“You interest yourself still in his fate, Mademoiselle?”
“How can I do otherwise? Did I not consent to share it when my heart shrank from the thought of our union? And now when, if I understand you rightly, I am free, I cannot but think of what was best in him.”
“Alas! Mademoiselle, he is but one of many—a spoilt child of that Circe, imperial Paris. Everywhere I look around, I see but corruption. It was hidden by the halo which corruption itself engenders. The halo is gone, the corruption is visible. Where is the old French manhood? Banished from the heart, it comes out only at the tongue. Were our deeds like our words, Prussia would beg on her knee to be a province of France. Gustave is the fit poet for this generation. Vanity—desire to be known for something, no matter what, no matter by whom—that is the Parisian’s leading motive power;—orator, soldier, poet, all alike. Utterers of fine phrases; despising knowledge, and toil, and discipline; railing against the Germans as barbarians, against their generals as traitors; against God for not taking their part. What can be done to weld this mass of hollow bubbles into the solid form of a nation—the nation it affects to be? What generation can be born out of the unmanly race, inebriate with brag and absinthe? Forgive me this tirade; I have been reviewing the battalion I command. As for Gustave Rameau,—if we survive the siege, and see once more a Government that can enforce order, and a public that will refuse renown for balderdash,—I should not be surprised if Gustave Rameau were among the prettiest imitators of Lamartine’s early Meditations. Had he been born under Louis XIV. how loyal he would have been! What sacred tragedies in the style of Athalie he would have written, in the hope of an audience at Versailles! But I detain you from the letter I was charged to deliver you. I have done so purposely, that I might convince myself that you welcome that release which your too delicate sense of honour shrank too long from demanding.”
Here he took forth and placed a letter in Isaura’s hand; and, as if to allow her to read it unobserved, retired to the window recess.
Isaura glanced over the letter. It ran thus:
“I feel that it was only to your compassion that I owed your consent to my suit. Could I have doubted that before, your words when we last met sufficed to convince me. In my selfish pain at the moment, I committed a great wrong. I would have held you bound to a promise from which you desired to be free. Grant me pardon for that; and for all the faults by which I have offended you. In cancelling our engagement, let me hope that I may rejoice in your friendship, your remembrance of me, some gentle and kindly thought. My life may henceforth pass out of contact with yours; but you will ever dwell in my heart, an image pure and holy as the saints in whom you may well believe-they are of your own kindred.”
“May I convey to Gustave Rameau any verbal reply to his letter?” asked De Mauleon, turning as she replaced the letter on the table.

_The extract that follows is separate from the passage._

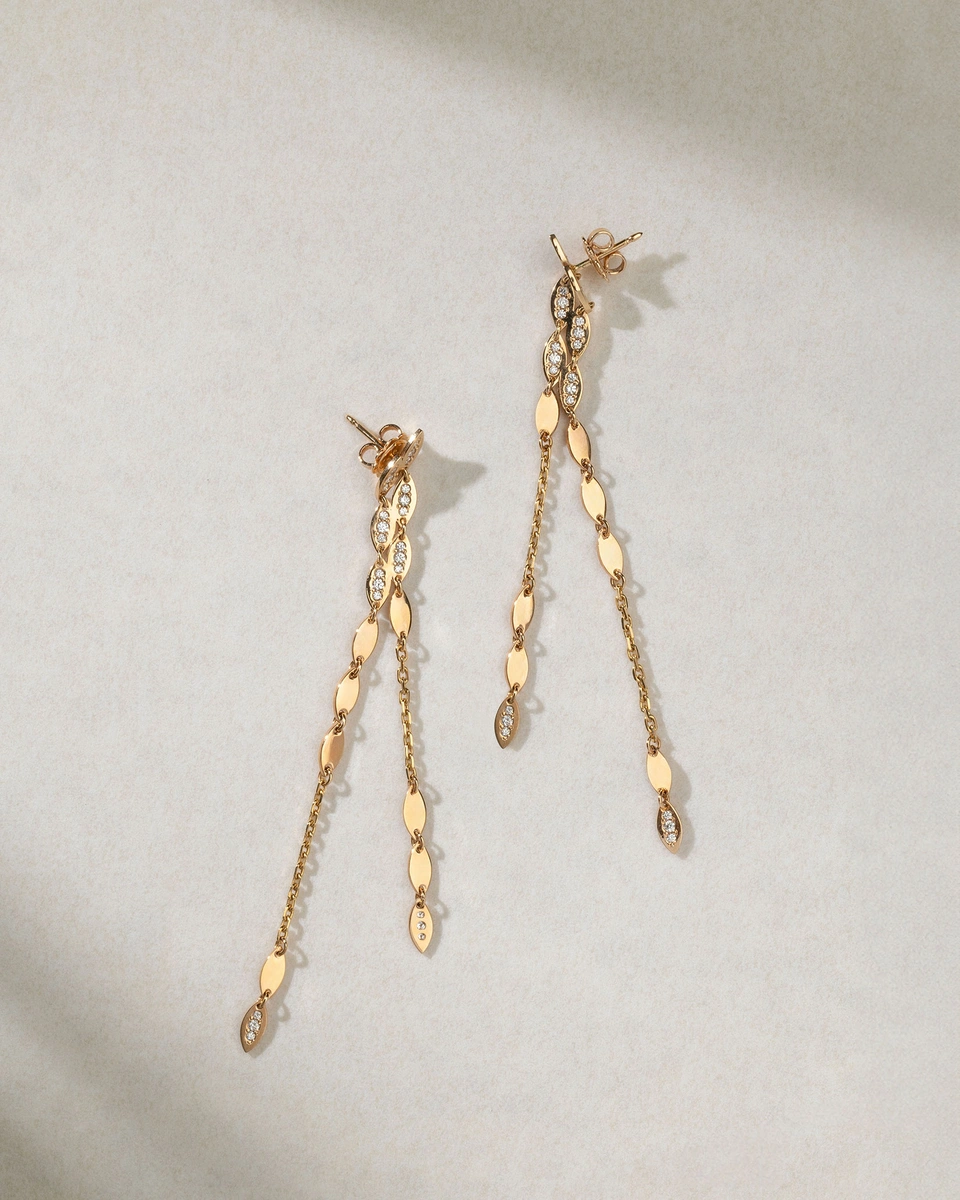 Μακριά Σκουλαρίκια σε Ροζ Χρυσό Κ18 με Φύλλα και Μπριγιάν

“Only my wishes for his welfare. It might wound him if I added, my gratitude for the generous manner in which he has interpreted my heart, and acceded to its desires.”
“Mademoiselle, accept my congratulations. My condolences are for the poor girl left to my guardianship. Unhappily she loves this man; and there are reasons why I cannot withhold my consent to her union with him, should he demand it, now that, in the letter remitted to you, he has accepted your dismissal. If I can keep him out of all the follies and all the evils into which he suffers his vanity to mislead his reason, I will do so;—would I might say, only in compliance with your compassionate injunctions. But henceforth the infatuation of my ward compels me to take some interest in his career. Adieu, Mademoiselle! I have no fear for your happiness now.”
Left alone, Isaura stood as one transfigured. All the bloom of her youth seemed suddenly restored. Round her red lips the dimples opened, countless mirrors of one happy smile. “I am free, I am free,” she murmured—“joy, joy!” and she passed from the room to seek the Venosta, singing clear, singing loud, as a bird that escapes from the cage and warbles to the heaven it regains the blissful tale of its release.